Team:Vanderbilt Software/Project/Home


Revision as of 08:21, 26 January 2015 by Hwangas (Talk | contribs)


Program Description

Darwin is a software package to document changes to DNA which allows for easy, standardized, and collaborative editing on DNA data up to the genome scale. It builds off of tested and proven version control software, so the entire history of the tracked data is easy to browse and transfer. But Darwin is specifically focused on DNA data, speeding up the tracking process and offering significant security improvements from any current system.

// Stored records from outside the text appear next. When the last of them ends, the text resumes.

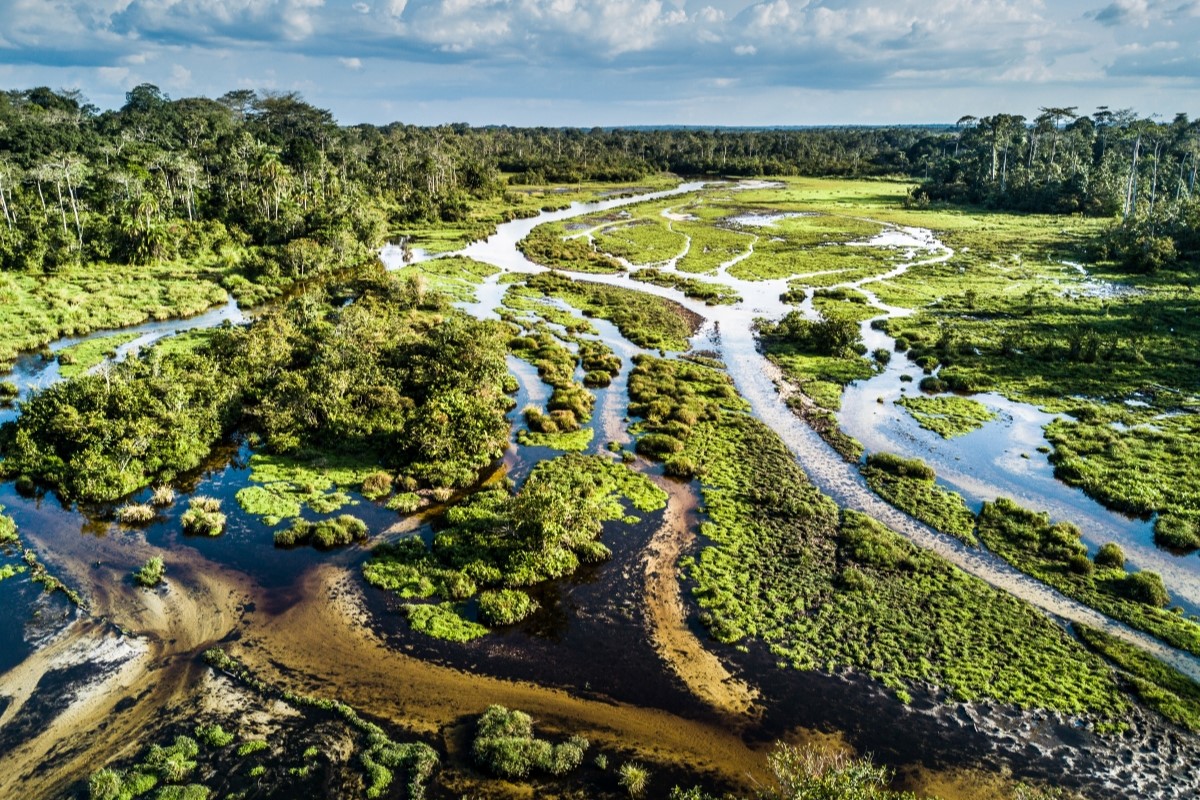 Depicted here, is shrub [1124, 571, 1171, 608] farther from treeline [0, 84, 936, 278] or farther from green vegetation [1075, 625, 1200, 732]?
treeline [0, 84, 936, 278]

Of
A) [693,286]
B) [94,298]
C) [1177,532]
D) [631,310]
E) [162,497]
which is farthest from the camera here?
[693,286]

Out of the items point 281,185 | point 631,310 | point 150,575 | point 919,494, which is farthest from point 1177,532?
point 281,185

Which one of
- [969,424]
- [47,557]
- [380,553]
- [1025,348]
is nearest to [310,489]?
[380,553]

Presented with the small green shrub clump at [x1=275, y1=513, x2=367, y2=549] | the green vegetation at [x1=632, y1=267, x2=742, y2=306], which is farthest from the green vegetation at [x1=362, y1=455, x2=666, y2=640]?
the green vegetation at [x1=632, y1=267, x2=742, y2=306]

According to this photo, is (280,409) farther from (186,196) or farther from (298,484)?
(186,196)

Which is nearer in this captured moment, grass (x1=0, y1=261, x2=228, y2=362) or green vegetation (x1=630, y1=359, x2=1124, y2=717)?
green vegetation (x1=630, y1=359, x2=1124, y2=717)

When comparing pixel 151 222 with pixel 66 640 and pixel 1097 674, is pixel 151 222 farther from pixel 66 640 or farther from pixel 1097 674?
pixel 1097 674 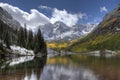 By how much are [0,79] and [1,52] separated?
115 m

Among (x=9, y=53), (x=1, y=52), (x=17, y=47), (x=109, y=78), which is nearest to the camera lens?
(x=109, y=78)

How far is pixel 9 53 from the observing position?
178 m

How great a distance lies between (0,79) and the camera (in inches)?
1940

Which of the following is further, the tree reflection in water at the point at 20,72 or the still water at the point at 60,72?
the tree reflection in water at the point at 20,72

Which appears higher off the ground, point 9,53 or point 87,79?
point 9,53

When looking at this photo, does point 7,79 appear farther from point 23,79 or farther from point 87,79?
point 87,79

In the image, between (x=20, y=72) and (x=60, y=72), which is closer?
(x=20, y=72)

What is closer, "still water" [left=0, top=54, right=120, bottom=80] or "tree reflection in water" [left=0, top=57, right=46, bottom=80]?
"still water" [left=0, top=54, right=120, bottom=80]

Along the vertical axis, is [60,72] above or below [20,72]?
below

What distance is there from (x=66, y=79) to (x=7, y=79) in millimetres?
11322

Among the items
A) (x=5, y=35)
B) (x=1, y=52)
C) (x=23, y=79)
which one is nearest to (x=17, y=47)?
(x=5, y=35)

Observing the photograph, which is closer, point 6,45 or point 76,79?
point 76,79

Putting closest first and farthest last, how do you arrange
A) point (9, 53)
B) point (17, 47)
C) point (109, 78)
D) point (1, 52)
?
point (109, 78) < point (1, 52) < point (9, 53) < point (17, 47)

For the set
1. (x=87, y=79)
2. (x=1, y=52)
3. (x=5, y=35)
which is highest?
(x=5, y=35) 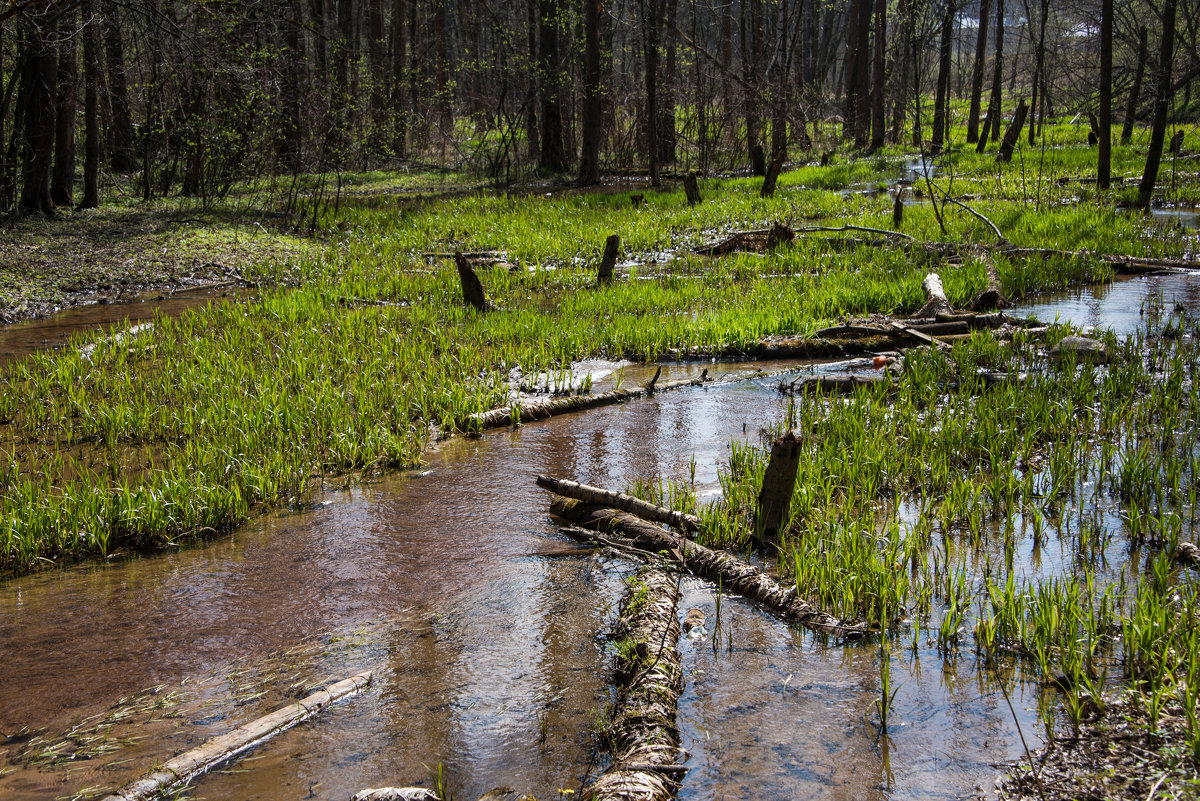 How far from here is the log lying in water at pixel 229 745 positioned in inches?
101

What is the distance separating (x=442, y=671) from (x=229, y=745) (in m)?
0.85

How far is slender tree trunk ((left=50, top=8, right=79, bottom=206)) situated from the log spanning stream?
1125cm

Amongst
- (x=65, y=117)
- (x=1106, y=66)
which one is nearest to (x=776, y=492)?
(x=1106, y=66)

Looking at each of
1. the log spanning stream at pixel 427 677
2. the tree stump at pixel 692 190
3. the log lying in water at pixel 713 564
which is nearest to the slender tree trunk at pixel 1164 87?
the tree stump at pixel 692 190

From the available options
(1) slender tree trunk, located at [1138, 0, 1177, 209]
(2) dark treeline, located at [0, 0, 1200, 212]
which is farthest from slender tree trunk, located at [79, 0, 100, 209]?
(1) slender tree trunk, located at [1138, 0, 1177, 209]

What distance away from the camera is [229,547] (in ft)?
15.4

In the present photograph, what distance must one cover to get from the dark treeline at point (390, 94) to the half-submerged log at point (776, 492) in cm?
835

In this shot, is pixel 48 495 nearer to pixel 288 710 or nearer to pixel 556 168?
pixel 288 710

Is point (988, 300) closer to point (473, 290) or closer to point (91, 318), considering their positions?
point (473, 290)

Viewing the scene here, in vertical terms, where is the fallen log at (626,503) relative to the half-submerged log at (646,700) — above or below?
above

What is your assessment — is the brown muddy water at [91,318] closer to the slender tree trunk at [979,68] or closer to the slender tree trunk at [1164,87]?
the slender tree trunk at [1164,87]

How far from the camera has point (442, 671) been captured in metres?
3.37

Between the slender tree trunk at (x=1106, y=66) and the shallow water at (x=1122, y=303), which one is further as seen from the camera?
the slender tree trunk at (x=1106, y=66)

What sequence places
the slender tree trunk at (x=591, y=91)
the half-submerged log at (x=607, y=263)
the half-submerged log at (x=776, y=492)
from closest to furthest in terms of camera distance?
the half-submerged log at (x=776, y=492), the half-submerged log at (x=607, y=263), the slender tree trunk at (x=591, y=91) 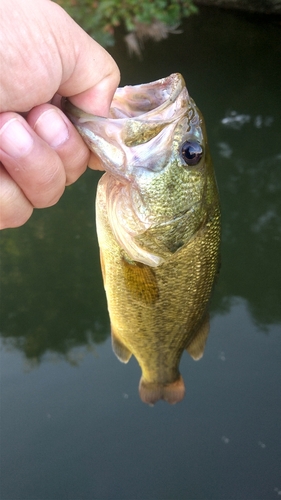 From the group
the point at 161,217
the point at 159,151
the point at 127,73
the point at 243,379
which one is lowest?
the point at 243,379

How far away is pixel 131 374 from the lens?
438 cm

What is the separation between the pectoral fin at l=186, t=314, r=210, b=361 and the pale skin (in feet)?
3.42

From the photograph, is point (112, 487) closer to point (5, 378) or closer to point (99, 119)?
point (5, 378)

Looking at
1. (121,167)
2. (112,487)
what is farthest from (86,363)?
(121,167)

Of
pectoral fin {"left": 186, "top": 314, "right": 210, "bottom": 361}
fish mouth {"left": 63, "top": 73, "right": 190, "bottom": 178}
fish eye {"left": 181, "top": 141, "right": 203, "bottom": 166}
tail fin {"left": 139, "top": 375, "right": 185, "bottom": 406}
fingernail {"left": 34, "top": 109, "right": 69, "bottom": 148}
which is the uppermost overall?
fingernail {"left": 34, "top": 109, "right": 69, "bottom": 148}

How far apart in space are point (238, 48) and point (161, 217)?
689 centimetres

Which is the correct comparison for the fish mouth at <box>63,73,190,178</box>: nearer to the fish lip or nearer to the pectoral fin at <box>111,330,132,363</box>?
the fish lip

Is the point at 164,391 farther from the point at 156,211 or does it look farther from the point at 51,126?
the point at 51,126

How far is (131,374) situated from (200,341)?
2.38 meters

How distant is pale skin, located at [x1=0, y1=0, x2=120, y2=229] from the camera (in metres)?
1.17

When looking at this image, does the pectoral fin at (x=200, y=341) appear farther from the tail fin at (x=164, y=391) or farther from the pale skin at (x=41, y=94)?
the pale skin at (x=41, y=94)

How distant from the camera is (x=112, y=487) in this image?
3.93m

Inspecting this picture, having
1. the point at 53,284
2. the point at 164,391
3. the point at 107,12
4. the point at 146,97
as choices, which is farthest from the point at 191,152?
the point at 107,12

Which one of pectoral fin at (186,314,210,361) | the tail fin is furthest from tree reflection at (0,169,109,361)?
pectoral fin at (186,314,210,361) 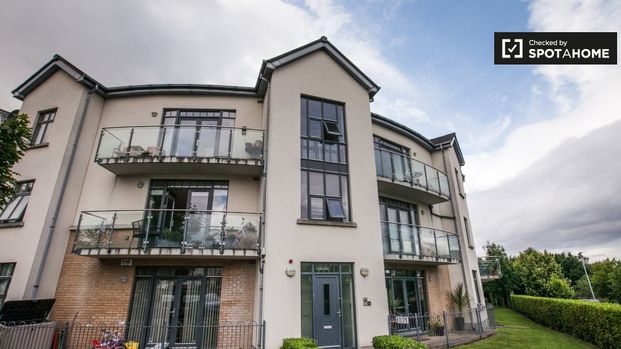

Because Darwin uses existing version control systems, the majority of the heavy lifting is complete already; Darwin can be installed right on top of the existing software. Darwin's contribution is to parse and format the biological data so that it can be used more effectively with these systems. It uses a variety of heuristics to effectively split the data and granularize the changes made to produce change logging orders of magnitude more time- and space-efficient than any other method.

Current Status

The program produced by Vanderbilt's 2014 iGEM software team is named darwin, a Unix command-line tool to produce what are known as "diffs" between two genomic data files. The command to produce the diff is dwndiff, typically invoked by using:

dwndiff <file1> <file2>

This creates a file with the extension .vcscmp which can be used in typical version control systems.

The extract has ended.